Attacks on our basic morality should breed anger; anger breeds action. Throughout our history, Americans, driven by moral rage, have done right. It is moral anger that drove our forefathers to rebel against Great Britain and to build this nation. It is moral anger that drove Americans into battle to abolish slavery. It is moral anger that drove Americans to destroy Hitler, to erode communism and to march for civil rights.
Despite the new focus on "coping," today's Americans must be allowed to feel rage when wronged. President Bush was absolutely right when he stated on Sept. 11, 2001, "The pictures of airplanes flying into buildings, fires burning, huge structures collapsing have filled us with disbelief, terrible sadness and a quiet, unyielding anger ? A great people has been moved to defend a great nation."
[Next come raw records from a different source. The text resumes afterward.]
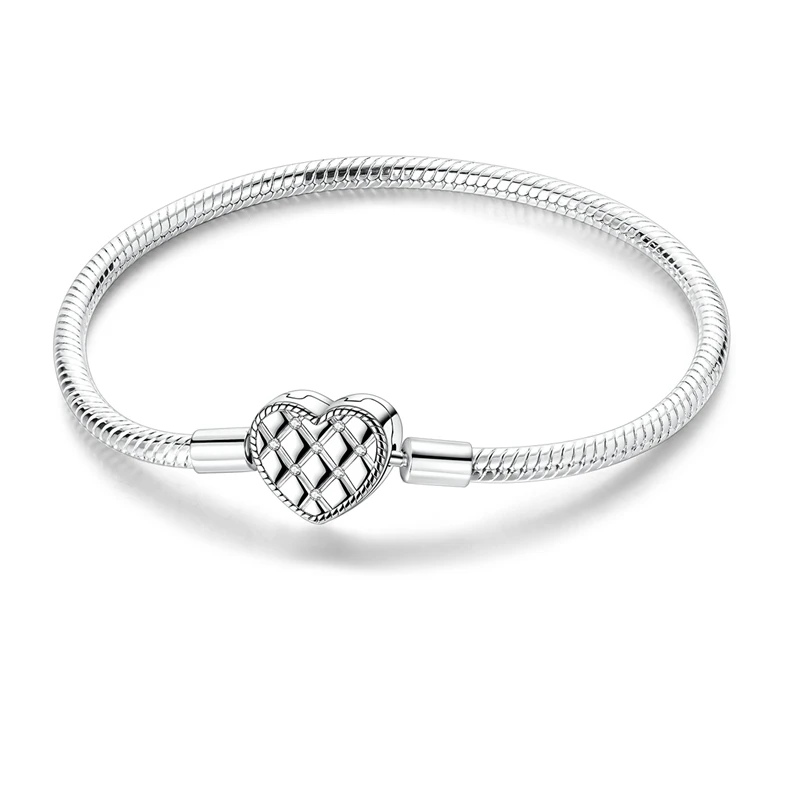 Pulseira de prata com fecho coração acolchoado cravejado de zircónias.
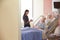 Focus On Hospital Room Sign With Doctor Talking To Patient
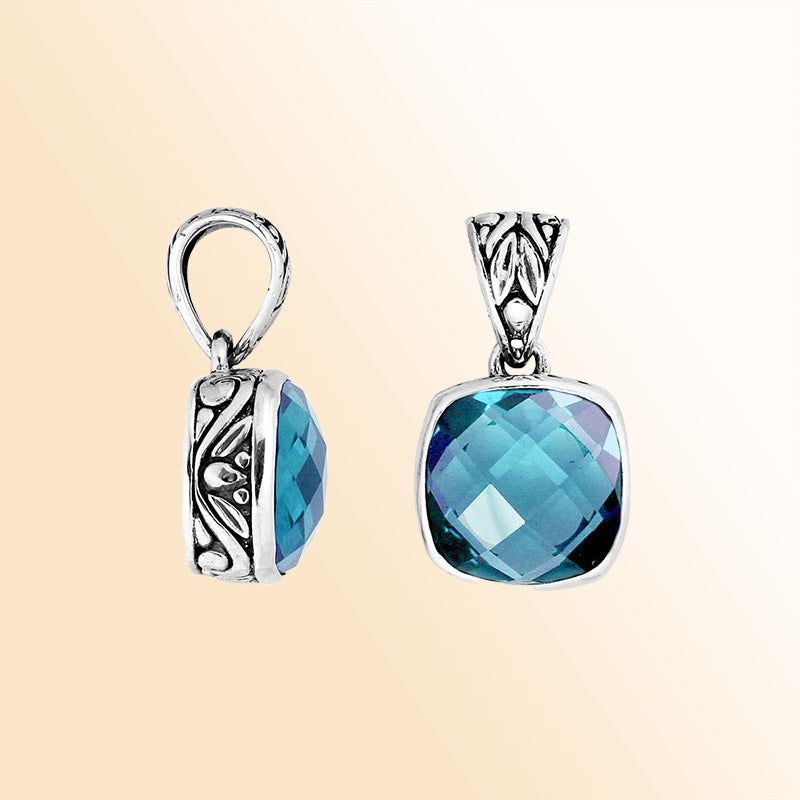 Artisan sterling silver Blue Topaz Quartz cushion pendant with detailed Balinese enhancer bail.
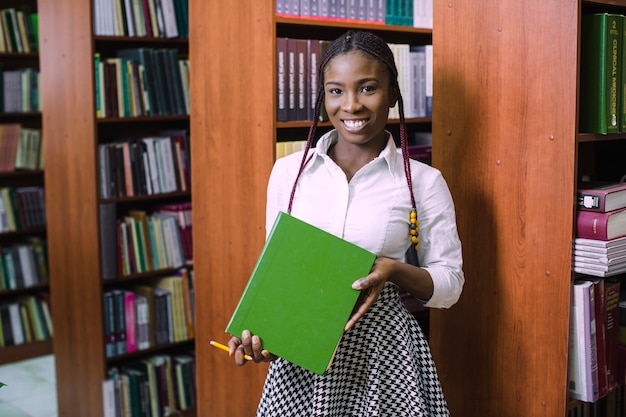 Cheerful student holding heavy textbook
Of course, to feel rage, Americans must first be sure of their own values; without defining our values, we will never have the courage to speak up when those values are attacked. This means fighting moral relativism in all its forms.
Professor James Q. Wilson of the University of California at Los Angeles once described the rise of crime with a "broken windows" theory: If you allow vandals to break windows without consequences, soon enough others will begin breaking windows. Crime in the immediate area will escalate, since crime breeds on apathy and lax enforcement.
The same principle holds true for morality. When we are apathetic to smaller moral crimes, we allow criminals the comfort level they desire to commit heinous acts. Is it any accident that Jerry Hobbs was recently released from prison for aggravated assault? Was it any accident that America's willingness to ignore "minor" terrorist incidents preceded Sept. 11?
Our ire must be aroused whenever morality is attacked, not just when those attacks are most visible. Collective moral anger is a powerful tool and a tool that must not be removed from the hands of the people -- even in the name of "healthy self-actualization."